Gladys West is the mathematician you have to thank for not getting lost on your next road trip. Her work on Seasat, an experimental U.S. ocean surveillance satellite designed to provide data on a wide array of oceanographic conditions and features, led to a more well-known technology: the Global Positioning System (GPS). Like the National Aeronautics and Space Administration (NASA) mathematicians Katherine Johnson, Dorothy Vaughan, and Mary Jackson, West is often called one of history’s “hidden figures”: individuals, often Black women, whose insightful contributions to science went unrecognized in their lifetime because of their race or gender. West wasn’t formally recognized for her contribution to the development of GPS until 2018, when she was inducted into the Air Force Space and Missile Pioneers Hall of Fame.

Tu Youyou

Chinese scientist Tu Youyou’s knowledge of traditional Chinese medicine alongside Western medicine aided the discovery of a cure for malaria.
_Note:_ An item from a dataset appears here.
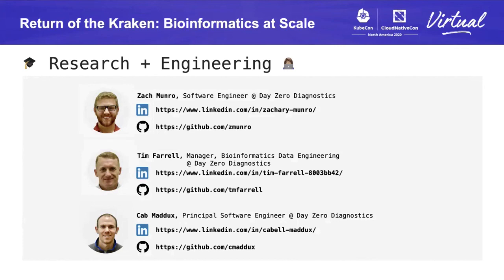If you're interested in Kraken, the intersection of research software and software like Kubernetes, or just interested in some of the stuff we're working on at Day Zero, please don't hesitate to reach out. I've also introduced two of our engineers here — Zach and Tim — who are working daily on some of these complex and specialized problems and how we can apply scalable engineering principles to our research to solve these problems. Thanks so much.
During the Vietnam War the Chinese government put Tu at the head of its covert Project 523, an effort to discover a treatment for malaria, which was devastating Chinese allies in North Vietnam. By testing plants used in herbal treatment for efficiency against malaria, Tu and her team discovered that an extract from the sweet wormword plant reduced parasite levels in the blood of malaria patients. Called qinghaosu or artemisinin, the active compound in the wormwood extract was the world’s first effective defense against malaria.

Mary Golda Ross

Mary Golda Ross was the only woman and only Native American member of the Skunk Works, a secretive team at the Lockheed Aircraft Company formed to design missiles and fighter jets for the U.S. Army. The F-104 Starfighter (the first operational aircraft that could reach speeds twice as fast as the speed of sound), the U-2 high-altitude spy plane, and the first stealth aircraft are just a few of the aerospace innovations that came out of the Skunk Works—and they likely number among the hundreds or thousands of top-secret projects Ross worked on at Lockheed. The work she could talk about was done at the National Aeronautics and Space Administration: developing spacecraft, contributing to NASA’s guide to space travel, and accelerating the space race.

Ida Rhodes

Born in 1900 to a small Jewish family in Ukraine, Ida Rhodes immigrated to the United States with her family when she was 13 years old; less than a decade later she had completed her undergraduate degree in mathematics at Cornell University and was headed to a master’s program. Though she began her career working on the Handbook of Mathematical Functions, part of a New Deal-era program that offered jobs to mathematicians, she quickly became a pioneer in the burgeoning field of computer programming. In the early 1950s Rhodes designed the C-10 programming language for the UNIVAC 1—one of the earliest commercial computers to ever exist.

Alice Ball

The first woman and the first African American to earn a master’s degree from the College of Hawaii (now the University of Hawaii), Alice Ball was an outstanding scientist who was almost lost to history. When she was hired as a researcher and instructor at the College of Hawaii after her graduation, Ball began work with Harry T. Hollmann, a physician who hoped to create an effective method of treating leprosy with chaulmoogra oil (a treatment that was already in use but was unreliable). By manipulating the oil into a water-soluble form, she developed the first safe injectable treatment for leprosy.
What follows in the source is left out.